Comments on: Regex Alms for the Perl-less?

Question: Regex Alms for the Perl-less?

ChasFile — Fri, 28 Dec 2007 02:12:28 -0800

Help me composite some regex. (That phrasing makes this question sound way less nerdy than it is)

Here's a regex to find some stuff between square brackets:
/\[[^\]]+\]/

Here's one that finds something like Alt: or alt. or Alternative: or alternate or Alternate: or Alternative or Alt.: or you get the idea [note it ends with \s+; it is important for my application that the "Alt___ " I'm testing for has white space at the end, and that I test for it. In the final answer we can test for that word boundary any way we like, we just need to make sure that we do.]:
/(A|a)lt(\.|ernat(e|ive))?:?\s+/

So what I need is a regular expression for "stuff between square brackets where the first thing inside the brackets will NOT match the second regex." Or "Stuff inside square brackets that begins with anything BUT alt or Alt. or Alternate or alternative: or alt.: or etc. etc.

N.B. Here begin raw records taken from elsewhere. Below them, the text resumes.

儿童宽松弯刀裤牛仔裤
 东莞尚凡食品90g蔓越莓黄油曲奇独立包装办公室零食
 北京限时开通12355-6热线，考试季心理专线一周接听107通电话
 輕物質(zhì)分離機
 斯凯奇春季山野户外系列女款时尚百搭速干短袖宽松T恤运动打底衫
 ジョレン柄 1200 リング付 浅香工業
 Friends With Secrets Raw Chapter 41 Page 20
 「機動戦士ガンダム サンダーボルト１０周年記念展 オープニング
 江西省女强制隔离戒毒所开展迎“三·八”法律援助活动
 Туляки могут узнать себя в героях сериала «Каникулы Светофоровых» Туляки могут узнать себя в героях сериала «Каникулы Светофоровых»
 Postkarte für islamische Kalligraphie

I feel like this should be easy, but I never bothered to totally and completely grok regex, and obviously I'm hurting now because of it. I'd very much appreciate any help anyone could give, and in exchange you'll get co-author credit for the amazing piece of software that this thing will ultimately be a part of! ;-)

By: spaceman_spiff

spaceman_spiff — Fri, 28 Dec 2007 02:23:16 -0800

You can (at least if it's like sed's regexes) rewrite the first one as:
/\[\([^\]]+\)\]/\1

And this will return anything within the parens (you can also use multiple sets of escaped parens, and reference them as \1, \2, \3). Then just pass it on to the next bit.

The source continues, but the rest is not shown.